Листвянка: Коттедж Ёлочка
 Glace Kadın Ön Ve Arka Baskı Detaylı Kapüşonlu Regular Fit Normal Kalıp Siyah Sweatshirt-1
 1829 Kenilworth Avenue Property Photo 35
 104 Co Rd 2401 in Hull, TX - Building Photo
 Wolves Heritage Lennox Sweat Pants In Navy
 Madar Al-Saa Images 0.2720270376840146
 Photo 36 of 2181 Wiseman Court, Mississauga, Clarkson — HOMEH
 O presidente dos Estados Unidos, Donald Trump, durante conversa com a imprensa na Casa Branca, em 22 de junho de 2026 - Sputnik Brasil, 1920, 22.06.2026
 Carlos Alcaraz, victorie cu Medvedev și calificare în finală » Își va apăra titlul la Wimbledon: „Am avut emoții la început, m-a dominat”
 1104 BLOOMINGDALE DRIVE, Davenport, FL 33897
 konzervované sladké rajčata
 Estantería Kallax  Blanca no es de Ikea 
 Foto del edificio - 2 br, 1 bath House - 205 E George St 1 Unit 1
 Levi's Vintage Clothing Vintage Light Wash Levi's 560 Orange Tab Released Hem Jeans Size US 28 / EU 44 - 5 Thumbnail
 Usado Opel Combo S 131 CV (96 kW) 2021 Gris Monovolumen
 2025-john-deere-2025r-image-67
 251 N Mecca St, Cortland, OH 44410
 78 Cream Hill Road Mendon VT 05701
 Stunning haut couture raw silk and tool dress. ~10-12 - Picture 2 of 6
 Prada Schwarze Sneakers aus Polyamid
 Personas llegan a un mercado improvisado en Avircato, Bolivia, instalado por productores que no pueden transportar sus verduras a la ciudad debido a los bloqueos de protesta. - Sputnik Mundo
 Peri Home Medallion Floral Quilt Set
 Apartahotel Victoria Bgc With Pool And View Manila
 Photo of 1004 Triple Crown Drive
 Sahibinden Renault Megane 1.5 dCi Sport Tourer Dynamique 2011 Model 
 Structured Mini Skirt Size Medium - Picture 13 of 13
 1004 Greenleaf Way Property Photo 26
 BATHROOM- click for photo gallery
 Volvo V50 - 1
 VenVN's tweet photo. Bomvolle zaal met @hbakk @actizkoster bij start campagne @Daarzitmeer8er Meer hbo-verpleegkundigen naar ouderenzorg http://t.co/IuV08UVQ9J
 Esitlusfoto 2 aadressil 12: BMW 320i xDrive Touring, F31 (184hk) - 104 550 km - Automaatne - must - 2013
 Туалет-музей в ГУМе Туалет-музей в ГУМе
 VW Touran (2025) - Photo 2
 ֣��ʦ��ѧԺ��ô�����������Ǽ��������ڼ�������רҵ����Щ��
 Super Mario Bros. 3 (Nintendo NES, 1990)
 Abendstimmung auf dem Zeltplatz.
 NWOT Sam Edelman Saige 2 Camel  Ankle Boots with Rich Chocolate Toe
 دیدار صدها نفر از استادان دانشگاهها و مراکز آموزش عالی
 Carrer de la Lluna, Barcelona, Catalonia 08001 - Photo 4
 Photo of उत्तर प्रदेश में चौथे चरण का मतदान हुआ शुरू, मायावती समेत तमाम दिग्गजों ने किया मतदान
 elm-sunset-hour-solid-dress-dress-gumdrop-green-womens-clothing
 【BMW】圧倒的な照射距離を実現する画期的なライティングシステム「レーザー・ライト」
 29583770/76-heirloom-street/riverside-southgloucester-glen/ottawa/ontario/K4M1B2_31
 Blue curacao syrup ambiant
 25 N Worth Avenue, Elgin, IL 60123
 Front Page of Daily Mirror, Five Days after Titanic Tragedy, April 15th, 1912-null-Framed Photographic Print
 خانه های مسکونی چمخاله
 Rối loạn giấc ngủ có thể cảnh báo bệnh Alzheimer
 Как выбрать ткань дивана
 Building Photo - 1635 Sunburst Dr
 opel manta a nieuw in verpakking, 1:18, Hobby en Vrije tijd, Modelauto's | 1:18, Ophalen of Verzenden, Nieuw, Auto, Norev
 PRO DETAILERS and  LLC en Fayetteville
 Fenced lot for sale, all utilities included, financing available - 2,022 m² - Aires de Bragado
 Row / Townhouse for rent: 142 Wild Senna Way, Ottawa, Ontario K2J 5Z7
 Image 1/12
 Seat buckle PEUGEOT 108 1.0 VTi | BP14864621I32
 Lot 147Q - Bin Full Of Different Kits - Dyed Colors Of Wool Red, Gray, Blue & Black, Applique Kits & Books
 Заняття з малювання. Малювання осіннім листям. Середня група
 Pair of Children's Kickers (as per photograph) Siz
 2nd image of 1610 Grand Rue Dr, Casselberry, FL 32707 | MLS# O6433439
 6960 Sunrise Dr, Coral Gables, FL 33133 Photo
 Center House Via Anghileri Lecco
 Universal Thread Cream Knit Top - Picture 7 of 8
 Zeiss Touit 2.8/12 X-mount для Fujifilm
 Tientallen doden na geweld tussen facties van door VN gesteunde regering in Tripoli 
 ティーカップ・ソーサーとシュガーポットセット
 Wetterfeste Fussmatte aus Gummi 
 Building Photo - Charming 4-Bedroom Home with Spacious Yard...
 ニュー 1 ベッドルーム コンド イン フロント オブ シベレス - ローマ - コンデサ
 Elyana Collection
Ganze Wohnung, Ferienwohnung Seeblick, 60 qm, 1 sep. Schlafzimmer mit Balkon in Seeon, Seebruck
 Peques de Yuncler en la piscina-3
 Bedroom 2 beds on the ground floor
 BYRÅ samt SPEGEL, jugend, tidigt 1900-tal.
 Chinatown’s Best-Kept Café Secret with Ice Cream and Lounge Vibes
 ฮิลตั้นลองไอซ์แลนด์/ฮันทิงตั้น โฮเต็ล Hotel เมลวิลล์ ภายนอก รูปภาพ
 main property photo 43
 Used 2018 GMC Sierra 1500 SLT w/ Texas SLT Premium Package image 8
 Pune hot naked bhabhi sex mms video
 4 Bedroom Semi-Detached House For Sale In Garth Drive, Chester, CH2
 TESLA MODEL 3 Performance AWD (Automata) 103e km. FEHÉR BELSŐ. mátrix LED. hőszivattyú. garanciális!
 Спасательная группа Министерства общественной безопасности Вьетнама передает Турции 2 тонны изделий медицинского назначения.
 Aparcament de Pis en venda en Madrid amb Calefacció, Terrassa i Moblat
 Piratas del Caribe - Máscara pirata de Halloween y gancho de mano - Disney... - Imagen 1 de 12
■ ■ ■ ■ ■ ■ ■
▶ [PROBLEM STATEMENT]: Using the listing above, pull out all lines that hold the word "Blue".

▶ [EXERCISE RESPONSE]:
 Blue curacao syrup ambiant
 Lot 147Q - Bin Full Of Different Kits - Dyed Colors Of Wool Red, Gray, Blue & Black, Applique Kits & Books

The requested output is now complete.